Malaka Shwaikh

Malaka Shwaikh is a scholar of critical prison studies and decolonial thought at the University of St Andrews, with a focus on resistance, carcerality, and peacebuilding. Her research engages contemporary political theory—particularly biopolitics, necroresistance, feminist theories of embodiment, and resilience—to explore the politics and lived realities of prison hunger strikes. She prioritizes interpretivist, socially engaged methodologies that center the voices and experiences of marginalized groups, challenging dominant narratives around resilience, agency, and belonging.
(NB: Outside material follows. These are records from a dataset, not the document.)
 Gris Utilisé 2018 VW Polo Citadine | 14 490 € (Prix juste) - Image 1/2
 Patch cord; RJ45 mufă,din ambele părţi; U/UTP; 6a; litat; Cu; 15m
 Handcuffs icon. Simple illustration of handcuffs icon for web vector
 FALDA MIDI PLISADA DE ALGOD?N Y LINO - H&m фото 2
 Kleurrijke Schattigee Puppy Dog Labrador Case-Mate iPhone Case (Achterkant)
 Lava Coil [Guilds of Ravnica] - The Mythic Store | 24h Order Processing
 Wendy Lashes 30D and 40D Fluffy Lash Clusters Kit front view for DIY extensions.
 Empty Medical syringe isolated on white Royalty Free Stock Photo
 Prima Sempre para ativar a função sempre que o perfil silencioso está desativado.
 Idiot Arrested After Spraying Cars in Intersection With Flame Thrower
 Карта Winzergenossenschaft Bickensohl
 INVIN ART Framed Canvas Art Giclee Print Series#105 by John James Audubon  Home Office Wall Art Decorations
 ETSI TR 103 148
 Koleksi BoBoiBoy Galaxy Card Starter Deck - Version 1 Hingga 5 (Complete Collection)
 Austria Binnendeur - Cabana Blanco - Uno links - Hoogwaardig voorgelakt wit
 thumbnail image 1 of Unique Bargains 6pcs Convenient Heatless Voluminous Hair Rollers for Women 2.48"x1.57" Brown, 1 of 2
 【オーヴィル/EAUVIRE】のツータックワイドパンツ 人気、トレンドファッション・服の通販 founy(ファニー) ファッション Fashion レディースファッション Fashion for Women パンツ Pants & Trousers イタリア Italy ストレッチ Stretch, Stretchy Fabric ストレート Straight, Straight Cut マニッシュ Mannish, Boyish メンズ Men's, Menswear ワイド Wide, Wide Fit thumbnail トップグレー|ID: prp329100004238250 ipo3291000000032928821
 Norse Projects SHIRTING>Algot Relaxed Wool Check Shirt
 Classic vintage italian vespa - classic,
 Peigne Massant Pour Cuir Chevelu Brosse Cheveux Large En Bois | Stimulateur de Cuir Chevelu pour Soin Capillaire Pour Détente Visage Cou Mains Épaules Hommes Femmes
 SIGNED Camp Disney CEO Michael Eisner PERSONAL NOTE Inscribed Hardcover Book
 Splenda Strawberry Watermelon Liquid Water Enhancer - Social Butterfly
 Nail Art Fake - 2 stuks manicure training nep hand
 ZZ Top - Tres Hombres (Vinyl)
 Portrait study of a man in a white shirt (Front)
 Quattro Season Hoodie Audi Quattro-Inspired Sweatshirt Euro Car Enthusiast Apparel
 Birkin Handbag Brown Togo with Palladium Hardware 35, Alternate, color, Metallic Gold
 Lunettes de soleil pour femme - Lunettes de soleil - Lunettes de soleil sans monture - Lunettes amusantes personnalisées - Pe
Her work contributes to critical understandings of resistance in carceral contexts and has been published in prominent academic venues such as Global Studies Quarterly, Biography, and the Journal of Feminist Scholarship. She examines how imprisoned individuals mobilize their bodies as instruments of protest and resistance, reframing theoretical debates on subjectivity and political action. Her doctoral research investigated prisons and hunger strikes in Palestine, and she has since extended this work through a comparative and transnational lens. Her recent book, co-authored with Professor Rebecca Ruth Gould, examines hunger strikes in Israeli prisons, drawing on fieldwork conducted across six countries. This study offers a critical intervention in international relations and political theory, broadening the analytical frameworks used to examine resistance and peace. Recent publications include articles published on resilience and gendered prison control in Global Studies Quarterly and the Journal of Feminist Scholarship.